In the wake of the Minnesota bridge collapse, House Transportation Committee Chairman Jim Oberstar, Minnesota Democrat, was struck with a blinding insight on how to solve the problem of neglected infrastructure. Before you continue reading, let me suggest that you take a pair of vise grips and use them to get a tight hold on your wallet. Because what occurred to Mr. Oberstar is that the federal government needs more money to spend on aging bridges.
“If you’re not prepared to invest another 5 cents in bridge reconstruction and road reconstruction, then God help you,” he declared. Actually, he doesn’t want just a single nickel, but a nickel on every gallon of gas sold to motorists, which would amount to a 27 percent increase in the federal fuel tax. This boost, he insists, would last only three years, bringing in $25 billion in new revenue.

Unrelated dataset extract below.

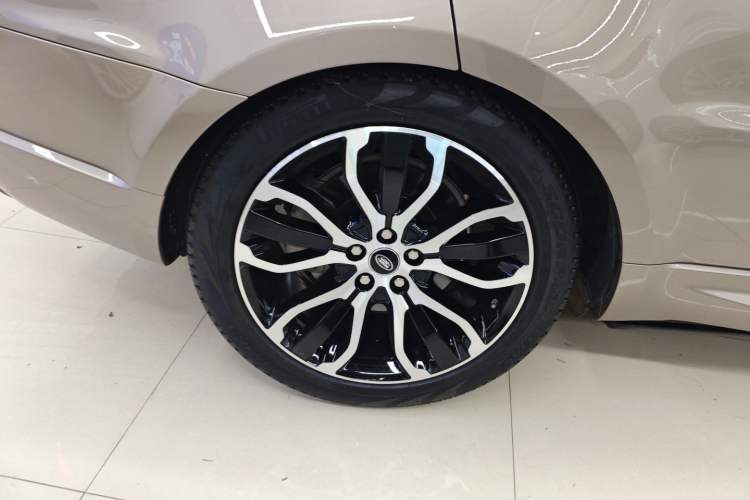 Used Land Rover Range Sport 2021 3.0 L6 YAO Black Edition Exterior 8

But just two years ago, Congress and the president agreed on a federal highway bill with a six-year price tag of $286 billion. Nationally, all bodies of government spend in the neighborhood of $150 billion a year on roads. Somewhere in that mountain of cash, you might think, there must be funds that could be spared to keep bridges from rotting and falling down.
You would be right. When the 2005 package passed, it included 6,736 special projects inserted by members for the benefit of their home districts, which had a total price tag of $24 billion — helping to make it what the organization Taxpayers for Common Sense called “by far the most expensive, wasteful highway bill in the nation’s history.”
Among the worst federal road projects identified by the group in a 2004 report was $121 million to add new ramps to, yes, Interstate Highway 35W in Minneapolis. It’s just a hunch, but maybe those funds would have been more wisely spent on maintenance than expansion.
President Bush has not always been a voice for fiscal discipline, but in this case he wisely rejected the idea of entrusting additional resources to the same people who helped create the problem. “My suggestion would be that they revisit the process by which they spend gasoline money in the first place,” he said.
Mr. Oberstar’s proposal, however, betrays the strange mentality that prevails among many elected officials. When people mess up royally in the private sector, they are punished by the loss of money and even the disappearance of the entities that employ them. When people mess up royally in the public sector, they often get more money and more responsibilities.
That’s not the only perverse pattern on display here. The story of federal highway spending is one of funding glamorous construction projects and neglecting more tedious obligations. Former Rep. Bud Shuster, Pennsylvania Republican, who served as House Transportation Committee chairman from 1995 to 2001, managed to get an interstate highway built back in his home state. It is now known as the “Bud Shuster Highway.” What congressman has ever had a resurfacing project or bridge repair named after him?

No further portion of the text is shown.